Sanat, bir medeniyeti anlamanın en iyi göstergelerinden biridir….
Sanatsal dil; felsefe, hikmet, kelam, ahlâk ve tasavvuf dillerinin daha iyi anlaşılmasını sağlamış, göze ve gönle hitap edecek şekilde daha derinden kavranmasına yardımcı olmuştur.
Elif Üner
İslâm sanatının dili de, insanın gözüne, gönlüne, kulağına, ruhuna, aklına ve sırrına hep birden hitap eden bir dildir. Bu özelliği ile bu sanat, insanın ve âlemdeki esrarın keşfinde önemli bir araç olarak işlev görmüştür.
İslâm dini, akla büyük önem vermekle beraber insanın duygu ve tecrübelerine de aynı ölçüde önem verir. En güzel vasıflarla yaratılmış insanın öne çıkan bir özeliği de estetik duyarlılığa sahip olmalarıdır. Kâinattaki düzen ve ahengin algılanması ve insanın varlık bilincinin idrakine varması, Yaradan’ın sonsuz kudretine hayranlık duyması, estetik bir bakış ve algılayış içinde gerçekleşir.
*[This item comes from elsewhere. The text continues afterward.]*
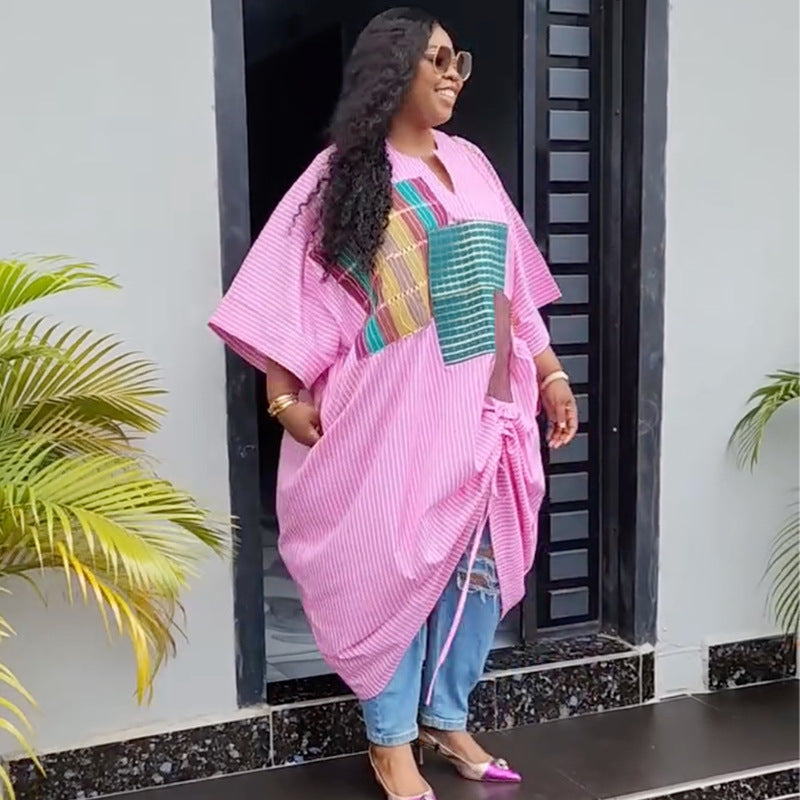 European and american cross-border african women's clothing  spring new arrival: elegant casual loose plus size pink striped dress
İslâm sanatını diğer sanatlardan ayırt eden özelliklerinden biri bu sanatın görünür ve yaşanan dünyayı, gayb ile bağlayan bir köprü olmasıdır. Yani, köklü medeniyetimizin sanat eserleri, ortaya çıkış süreçlerinde, sanatçı, Allah’ın iradesine bağlı olduğunu hep hatırında tutar, mükemmelliğe ulaşamayacağını bilir ve en büyük sanatçının yani asıl musavvirin, Allah olduğunun bilincindedir. Sanatçılar içlerinden gelen iman ve heyecanla eserler ortaya koyarlar ve böylece “aşk” olarak tanımlanacak bu durum, İslâm sanatının ve estetiğinin oluşumunu gerçekleştirir ve bu aşk, artistik bir form içinde göz kamaştırıcı bir şekilde ifadeye kavuşur. Bu sanatın dilini anlayan bir insan âlemde asla yalnız olmadığını anlar. Böylece hakikate erme için bir yol açılmış olur.
Hakikate erme noktasında akıl ile kalbi buluşturmak gerekir. Sanat vasıtasıyla aklı ile kalbini buluşturan insan, kendi bedenî varlığı içinde parçalanmayı önleyerek kendi bütünlüğünü korumuş olur.
İslam sanatlarındaki estetiğin derinliği, insan ruhuna tesir eden gücü ile günümüz estetiklerinden farkını ortaya açıkça bu şekilde koymuştur.